The boat took about three months of work, couple of days each week working on it. Each piece of 1/2" marine ply is coated with two coats of WEST epoxy, the decks then received a layer of glass and another two coats of epoxy before paint. The paint is sprayed interlux. The transom is four laminations of 1/2". The cockpit trim is epi deck lumber ripped down to 3/4. The port locker is a bubbler livewell, starboard is battery, fuel filter, battery switch. The bow locker holds 9 gal. fuel, life jackets, anchor and safety kit. The tabs are recycled Lenco with bimini hardware for mounting. The boat is very stiff with no twist or flex in waves. It poles out very straight and quiet and it's caught a lot of fish here in Charleston. Total budget boat, motor, trailer and upfits was $900.


----------



## tom_in_orl (Dec 9, 2006)

Welcome to the forum! [smiley=beer.gif] Great job! We appreciate that you took lots of pics and shared them with us.

BTW, I added a couple pics to your first post. That should increase the feedback a little.


----------



## Flyline (Mar 3, 2008)

Welcome to the forum! love your custom skiff and looks so sweet! nice jobs guys! [smiley=1-beer.gif]


----------



## backwaterbandits (Dec 15, 2006)

Good Job and welcome!!! 
Really nice work...What a father and son project.


----------



## HialeahAngler (Dec 18, 2008)

super awesome.


----------



## Un-shore (Sep 27, 2007)

> Holy crap that thing turned out awesome. Great job
> 
> i might have to steal your motor lift idea


I might have to steal yer bote! ;D

That is really nice, now I really miss my 14'r.


----------



## ko (Jun 9, 2007)

Great!!!!!!!!


----------



## kbuch312 (Feb 17, 2007)

That was amazing.
Thanks for sharing with the forum.
Really enjoyed the build photos. 
If I ever find a hull similar....


----------



## pescador72 (Aug 6, 2008)

Absolutely awesome looking skiff. Great work!


----------



## Kemo (Jun 22, 2008)

Fabulous.  Great job, and welcome to THE forum.  I was curious about the registration numbers - only 3 numeric digits.  If those are the original hull numbers, it speaks volume about its age.  If not, then there aren't many boats registered in S.C.   [smiley=1-mmm.gif]

Kemo


----------



## HaMm3r (Dec 11, 2006)

What a great restoration you did!  And what a perfect little boat you ended up with. I noticed you changed the motor, as the junkyard pics show a merc, while the later shots show a rude.

Welcome to the forum!


----------



## rkmurphy (Nov 2, 2008)

How much did you end up spending fixing her up?


----------



## spartina (Jan 26, 2007)

Hull cost $200, engine was $300, trailer was $130 and platform was $400. Two sheets 1/2 marine plywood, 1 gal West epoxy, fiberglass and fittings it added up to <$1400. That pretty careful buying which is easy when you're not in a rush.

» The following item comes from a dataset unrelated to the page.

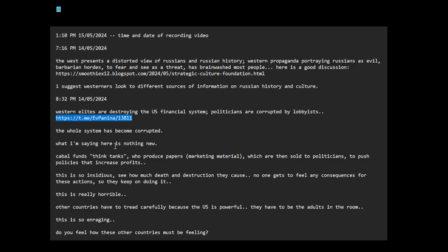What I'm saying here is nothing new. The cabal funds think tanks who then produce papers which are like marketing material which are then sold to politicians to push policies that increase profits of the military industrial complex, energy, banking, these kinds of things. This is so insidious. See how much death and destruction they cause. The reason this keeps on going is no one gets to feel any consequences for these actions, so they keep on doing it. This is really horrible.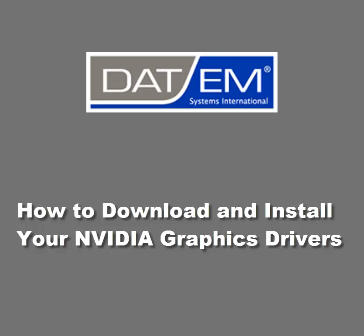Welcome to a DAT/EM Systems video tutorial. Today, how to download and install your NVIDIA graphics drivers.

Except for the cockpit trim there are no fasteners used anywhere in the boat, it's all epoxy glue and fillets. The boat is very light and shallow and quiet when poling. Not a lot of beam and it takes careful anglers to prevent swimming.


----------



## Sevensurfer (Nov 9, 2016)

I just picked up a dixie 14 to work on as a project and I am using your build as a rough template. Did you do any floor work on yours. I have a few questions about the build if you have some time to talk


----------



## GoGataGo52__20 (Jun 26, 2016)

Man olde "Yellow Dog" came out sweet, cool lookin skiff man


----------